Update grafana-dashboard.json #1916

itay-grudev · 2023-04-12T15:24:29Z

New Cluster Overview

A new cluster overview section at the top that features:

Base backup and last archived WAL information
Total CPU and memory usage across all nodes
An Alerts section
Last failover/switchover time
Cluster PostgreSQL version
Transactions per second
Volume usage and total database size
Replication/Write/Flush/Replay lag

Server Health

Added instance zone
Displaying the full PostgreSQL version
Bug Fix: When there are redundant kube-state-metrics instances there are duplicate status gauges
Bug Fix: Max Connections not displaying a progress bar in the gauge due to missing min and max values.

Before:

After:

Configuration

The configuration parameters are transposed such that every row now contains a parameter, while every column contains the parameter setting across individual database instances. This makes it much easier to scroll through settings.

Before:

After:

New Storage & IO Space and Inode Usage metrics

Added volume space and inode usage gauges.

Accumulated Tuple/IO graph to make the data more comprehensible

Before:

After:

General

Fixed tooltips and set shared crosshairs of all graphs.
Bug Fix: Cluster variable query picking up any metric ending with cluster

github-actions · 2023-04-12T15:24:42Z

❗ By default, the pull request is configured to backport to all release branches.
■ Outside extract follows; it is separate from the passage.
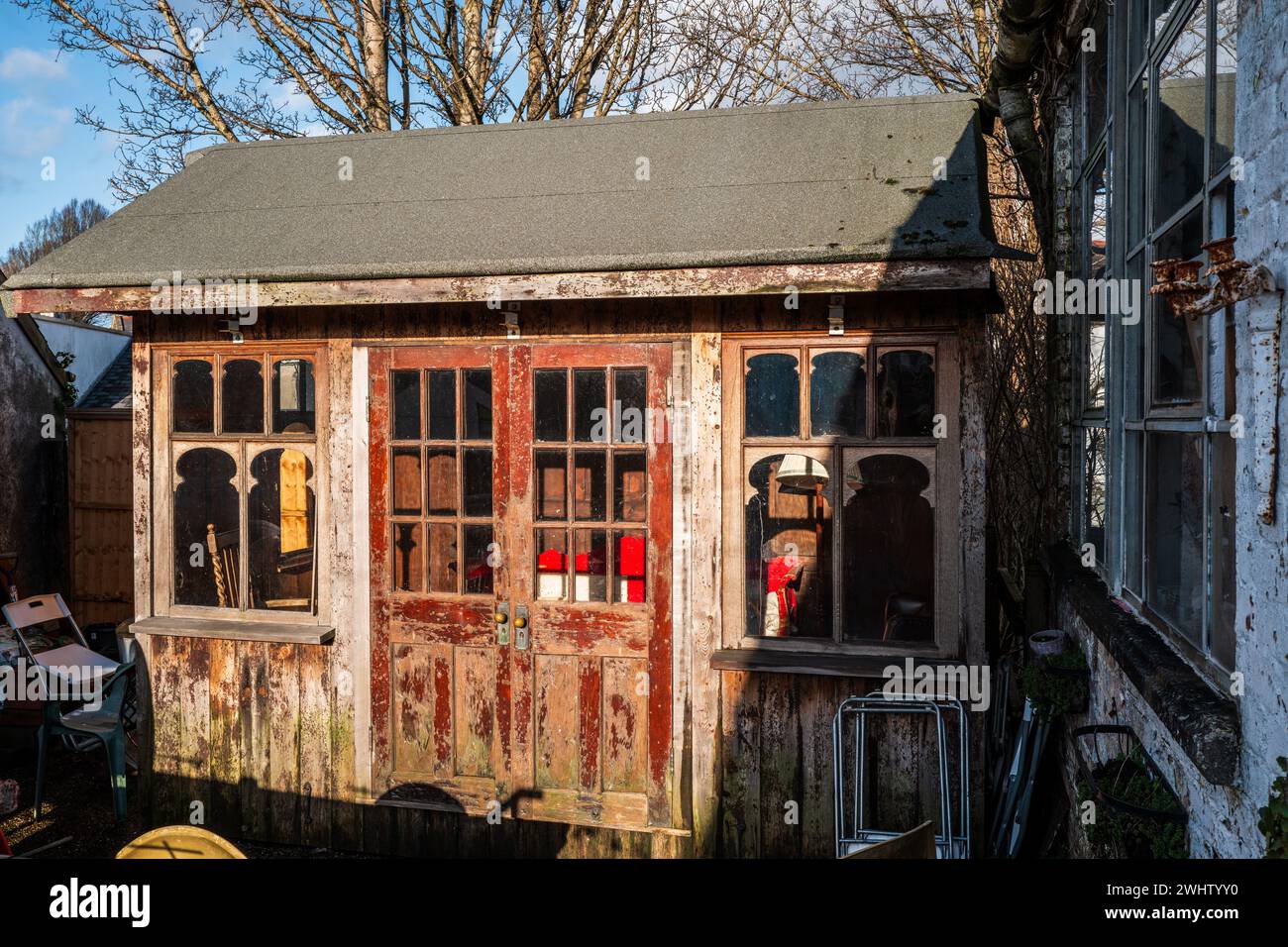 Künstlerhütte. King's Road Yard Street Market, Pontcanna, Cardiff. Bauernmarkt, Pop-ups, Kunst, Handwerk, Essen. Handwerkliches Essen, Kunsthandwerk und Kunsthandwerk. Stockfoto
To stop backporting this pr, remove the label: backport-requested ◀️ or add the label 'do not backport'
To stop backporting this pr to a certain release branch, remove the specific branch label: release-x.y

jsilvela · 2023-05-05T16:18:37Z

Sorry for the delay. Been deploying this locally.
There is a problem with the datasource references as you have them in your files.

"datasource": {
        "type": "prometheus",
        "uid": "${DS_PROMETHEUS}"
}

These will not work properly with the Grafana as we deploy from the quickstart, using the kube-prometheus-stack.
We can substitute the "${DS_PROMETHEUS}" with "prometheus", as that uid is generated for the data source in the kube-prometheus-stack
deployment.

jsilvela · 2023-05-05T16:21:19Z

Since the JSON file you generated, in particular, you took from a grafana deployed with a different mechanism, I think there is value in keeping it as-is.
The YAML though, I would like to alter to make sure beginners following the quickstart will get the dashboard working out of the box.
So, I plan to add a bit more context in the documentation, and perhaps fix your files but add your JSON untouched but with a new name.
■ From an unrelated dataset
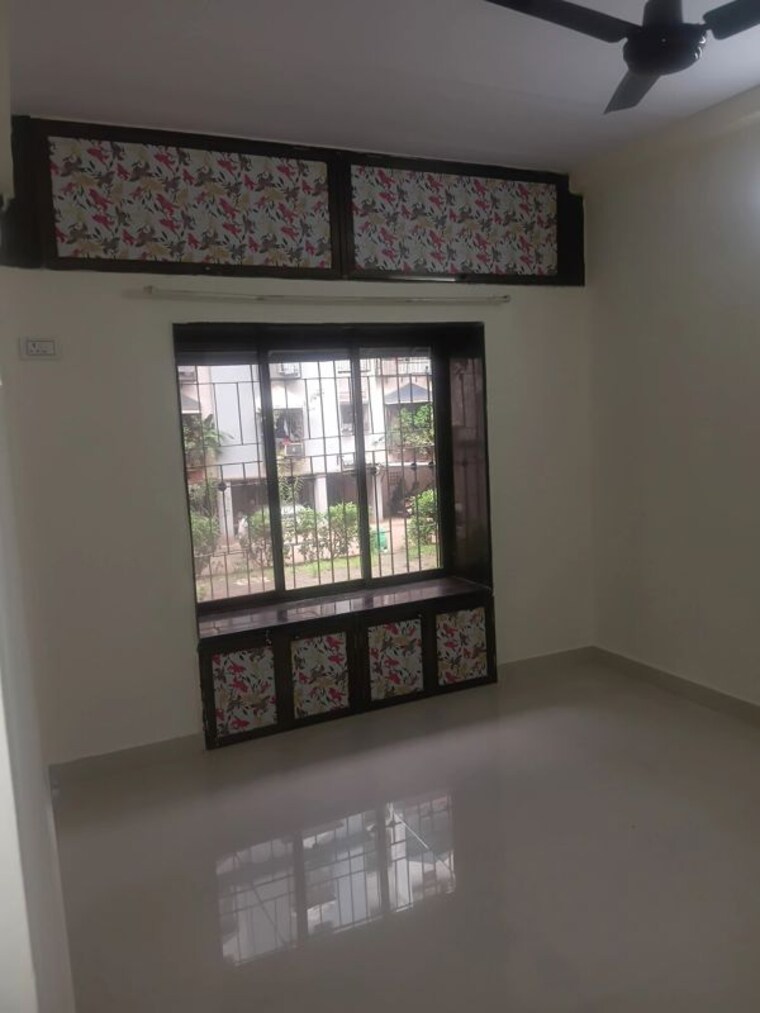 Room, new madha colony 2 Bedroom 600 Sq.Ft. Apartment In New Madha Colony Mumbai 10581273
jsilvela · 2023-05-05T16:23:36Z

On the dashboard itself, the amount of work and polish is ... 👏 bravo.

jsilvela · 2023-05-08T07:16:54Z

With Itay's latest commit, the dashboard works out of the box if following the quickstart document.
Doing a detail review of the panels...

sxd · 2023-05-23T06:56:21Z

@itay-grudev fallowing @jsilvela advice, I think we should add the disclaimer into the quickstart with this PR adding that some features may fails because they need a really new/early version of Grafana.

I'm also adding my self as a reviewer to this PR because I really want to try ti! :D

benoitschipper · 2023-05-23T07:49:58Z

@sxd and @itay-grudev ill happily test/review what I can. Already have the dashboard running :)

itay-grudev · 2023-05-23T08:40:06Z

@sxd I discussed offline with @jsilvela that the alpha metrics are enabled by default on Prometheus. I think it's a limitation of KinD that the volume data is not reported. I've tested it on AWS EKS and Digital Ocean and there it works fine.

I still need to add the change @benoitschipper proposed.

sxd · 2023-05-23T09:11:37Z

@itay-grudev I've added a warning message that will help users to understand why the graphs doesn't have data, can you review it please! I understand that those are limited in KinD, but lots of users use KinD for testing and at least we need to be nice and put the warning message

benoitschipper · 2023-05-24T04:27:26Z

@sxd I discussed offline with @jsilvela that the alpha metrics are enabled by default on Prometheus. I think it's a limitation of KinD that the volume data is not reported. I've tested it on AWS EKS and Digital Ocean and there it works fine.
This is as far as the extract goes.